Does ROPgadget support analysis of raw binary image?

[omicronns]

I'm trying to analyze raw binary image dumped from an embedded device - system memory from STM32 microcontroller. Does ROPgadget support this format? How to enable it?

Help says it is supported:

formats supported:
  - ELF
  - PE
  - Mach-O
  - Raw

But when I try to execute it I'm getting an error:

ROPgadget --thumb --rawArch arm --binary stm32_sysmem.bin 
[Error] Binary format not supported

[SweetVishnya]

Yes, ROPgadget supports raw binaries.
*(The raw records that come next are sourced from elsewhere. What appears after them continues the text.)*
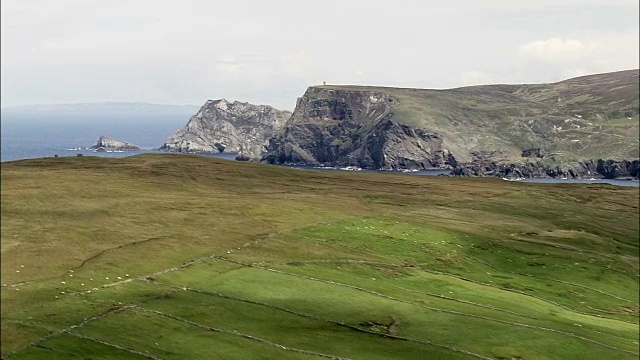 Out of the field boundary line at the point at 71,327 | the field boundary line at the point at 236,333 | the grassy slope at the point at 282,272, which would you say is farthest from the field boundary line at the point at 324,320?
the field boundary line at the point at 71,327

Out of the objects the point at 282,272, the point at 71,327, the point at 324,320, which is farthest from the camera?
the point at 282,272

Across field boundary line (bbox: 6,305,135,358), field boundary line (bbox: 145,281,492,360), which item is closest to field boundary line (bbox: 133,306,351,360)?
field boundary line (bbox: 6,305,135,358)

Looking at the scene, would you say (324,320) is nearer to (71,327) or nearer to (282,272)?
(282,272)

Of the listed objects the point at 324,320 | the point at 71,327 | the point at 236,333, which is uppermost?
the point at 71,327

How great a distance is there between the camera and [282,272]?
74.9m

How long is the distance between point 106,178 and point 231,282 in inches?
1668

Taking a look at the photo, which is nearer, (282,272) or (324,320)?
(324,320)

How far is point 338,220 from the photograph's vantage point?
10375 cm

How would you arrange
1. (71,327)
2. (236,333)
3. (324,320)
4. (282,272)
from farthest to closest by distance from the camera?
1. (282,272)
2. (324,320)
3. (236,333)
4. (71,327)

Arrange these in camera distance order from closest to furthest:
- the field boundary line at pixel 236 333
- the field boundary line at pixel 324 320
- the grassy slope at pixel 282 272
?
the field boundary line at pixel 236 333 < the grassy slope at pixel 282 272 < the field boundary line at pixel 324 320

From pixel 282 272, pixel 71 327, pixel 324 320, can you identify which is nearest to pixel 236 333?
pixel 324 320

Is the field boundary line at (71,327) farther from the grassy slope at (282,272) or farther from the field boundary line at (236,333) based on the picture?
the field boundary line at (236,333)

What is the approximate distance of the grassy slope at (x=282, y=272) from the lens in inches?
2159

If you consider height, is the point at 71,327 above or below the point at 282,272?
above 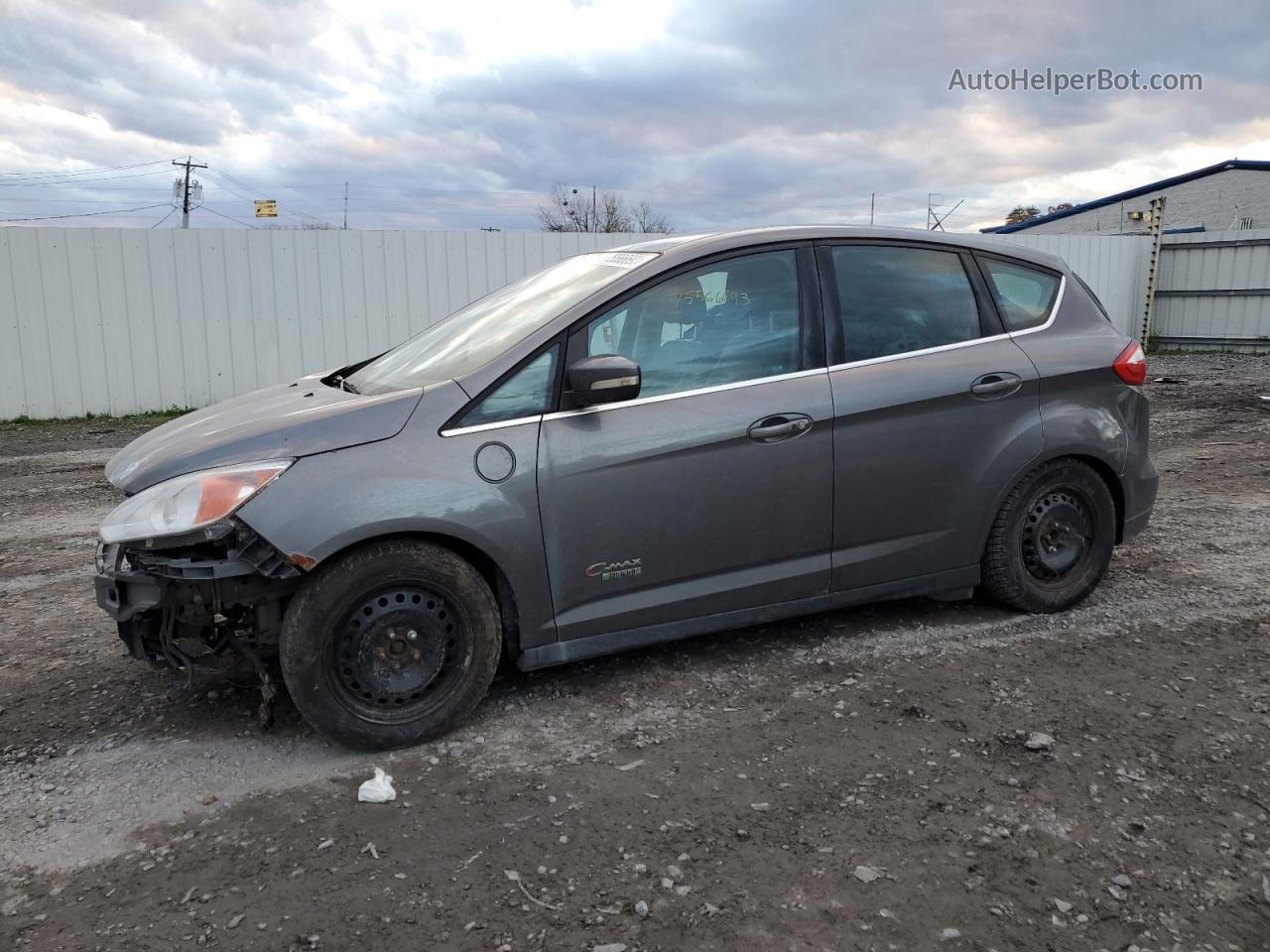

Do you use latest ROPgadget version?

[omicronns]

I'm using Manjaro linux repository version:

ROPgadget --version
Version:        ROPgadget v6.6
Author:         Jonathan Salwan
Author page:    https://twitter.com/JonathanSalwan
Project page:   http://shell-storm.org/project/ROPgadget

[omicronns]

It works with following command line:

ROPgadget --rawArch arm --rawMode thumb --rawEndian little --binary stm32_sysmem.bin 

Not sure what --thumb switch does then.

[SweetVishnya]

--thumb should do the same as --rawMode thumb:

https://github.com/JonathanSalwan/ROPgadget/blob/master/ropgadget/gadgets.py#L261

[SweetVishnya]

I reproduced an issue:

ROPgadget --binary test-suite-binaries/raw-x86.raw --rawArch arm --thumb        
[Error] Binary format not supported

This seems to be a bug. Looking deeper to fix it.

[omicronns]

Maybe solution is just to remove this switch? It's seems a bit redundant.

[SweetVishnya]

I am already writing a fix to support both ways

[SweetVishnya]

--thumb option is actually useful to search for thumb gadgets in ELF binary.

[SweetVishnya]

Now fixes are in mater and specifying either --thumb or --rawMode thumb is possible.